» **THE DATA**
────

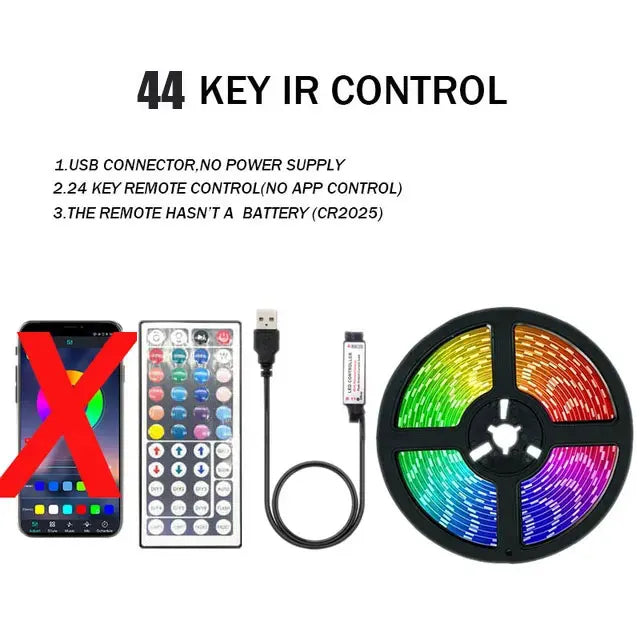 RGB LED Strip Light 5050 SMD USB 5V – Bluetooth, WiFi & IR Remote, 1m–30m (3.3ft–98.4ft) Backlight for TV Bedroom Living Room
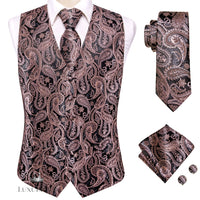 Hi-Tie Luxury Silk Mens Waistcoat Tie Set Luxurious Weddings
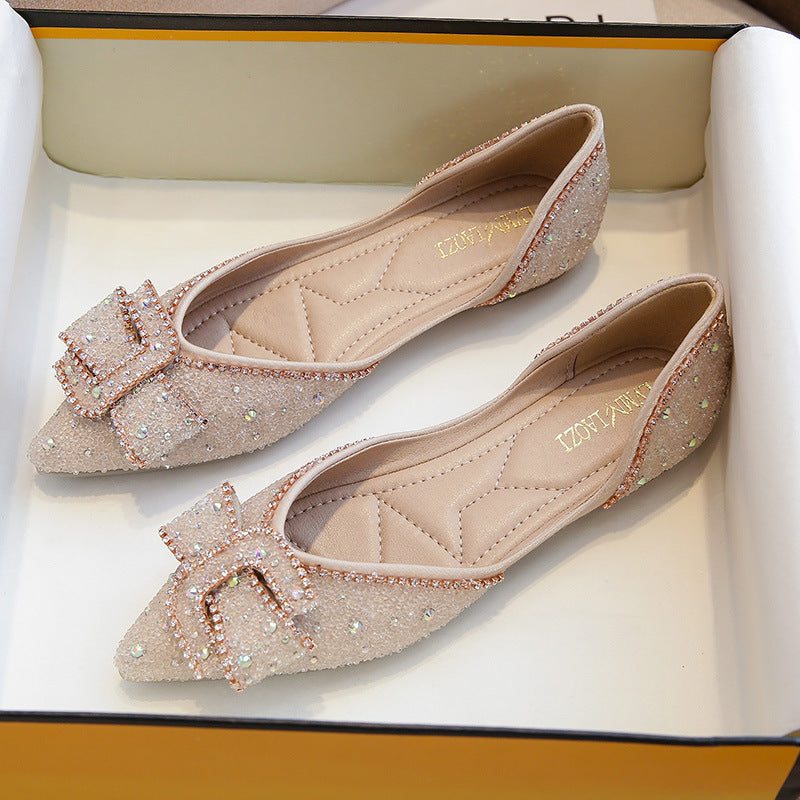 Rhinestone Pointed Toe Flats - Elegant Ballet Flats for Women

────

» **WORK TASK**
Word for word, restate only the lines from the one bearing "Hi-Tie Luxury Silk" through the final line of the listing, inclusive, with no pictures.

» **RESPONSE**
 Hi-Tie Luxury Silk Mens Waistcoat Tie Set Luxurious Weddings
 Rhinestone Pointed Toe Flats - Elegant Ballet Flats for Women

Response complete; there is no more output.